When we are stressed, our levels of cortisol – known as the stress hormone – increase. This hormone is released by the adrenal glands and can be extremely useful because it gets our body ready to either run away or fight against whatever is causing stress and fear. However, chronically high cortisol levels can cause many problems, including high blood pressure, weight gain, fatigue, negative feelings, and heart disease. Therefore, in order to stay as healthy as possible, it is important to lower your cortisol levels. Here are some ways to do just that.
Sleep is a great healer and can make us feel better no matter what the issue. When it comes to lowering your cortisol levels, the amount of quality sleep you get is all-important. When you sleep well and for long enough (around seven to eight hours on average for an adult, although some people need more, and some need less), your body has a chance to repair itself so that you feel ready and refreshed the following day. When you don’t get enough sleep, or the sleep you do get is disrupted and not deep enough, you will feel sluggish and fatigued the next day. This causes your cortisol levels to rise.
If you want to be able to sleep well and reduce your cortisol, then exercise is a good idea. Being as physically active as possible during your waking hours will make sleep much easier to come by. You should also avoid caffeine after around four o’clock if you are susceptible to it. Plus, turning off screens in your bedroom (and for as long before bed as you can) will also help.
The right amount of exercise can decrease high levels of cortisol, but too much can increase it, so getting the balance right is something that you will need to think about if this is how you want to de-stress. After intense exercise, your cortisol levels will increase, but this is actually a good thing in this case because it is your body’s way of rising to meet the challenge that you are putting in front of it. Plus, over time, less cortisol will be required to do this. As long as you do your exercise in the daytime, your cortisol levels will have reduced again by the time you want to go to bed, making it easier to sleep.
Spot Stressful Thinking
Even thinking of stressful things can cause a spike in your cortisol levels, so knowing when your mind is beginning to take you to more worrying areas is essential – if you know it is happening, you can stop it and reduce the damage that the cortisol is going to cause.

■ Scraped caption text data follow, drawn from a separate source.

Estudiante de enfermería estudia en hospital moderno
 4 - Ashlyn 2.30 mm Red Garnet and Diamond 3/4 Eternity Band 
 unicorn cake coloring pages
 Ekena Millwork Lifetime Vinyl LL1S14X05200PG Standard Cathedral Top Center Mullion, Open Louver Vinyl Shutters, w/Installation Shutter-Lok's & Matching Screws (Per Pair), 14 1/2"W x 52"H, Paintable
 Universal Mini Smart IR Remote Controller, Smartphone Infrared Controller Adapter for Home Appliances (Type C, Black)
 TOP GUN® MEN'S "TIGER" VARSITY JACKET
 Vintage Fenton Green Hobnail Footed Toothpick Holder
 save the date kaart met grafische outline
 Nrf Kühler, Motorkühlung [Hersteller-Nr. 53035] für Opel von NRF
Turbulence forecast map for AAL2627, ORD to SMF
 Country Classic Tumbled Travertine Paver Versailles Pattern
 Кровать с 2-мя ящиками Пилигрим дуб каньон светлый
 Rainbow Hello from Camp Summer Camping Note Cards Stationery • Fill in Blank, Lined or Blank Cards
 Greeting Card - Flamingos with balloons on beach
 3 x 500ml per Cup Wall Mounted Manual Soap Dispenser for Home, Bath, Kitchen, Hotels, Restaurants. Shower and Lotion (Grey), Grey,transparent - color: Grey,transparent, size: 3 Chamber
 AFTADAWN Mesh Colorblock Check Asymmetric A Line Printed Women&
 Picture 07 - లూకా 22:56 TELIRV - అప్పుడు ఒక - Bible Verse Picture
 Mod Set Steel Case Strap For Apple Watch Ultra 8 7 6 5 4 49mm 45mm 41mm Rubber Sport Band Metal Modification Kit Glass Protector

This is not an easy thing to do, especially at the start, but if you can try to live mindfully and not worry about the past (which can’t be changed) or the future (which, if you can change it you can do something about it, such as getting credit help from Compare Credit, otherwise, again, there is nothing to worry about). Living in the moment is not something humans are programmed to do, but when you can do it, it increases positivity in your life hugely.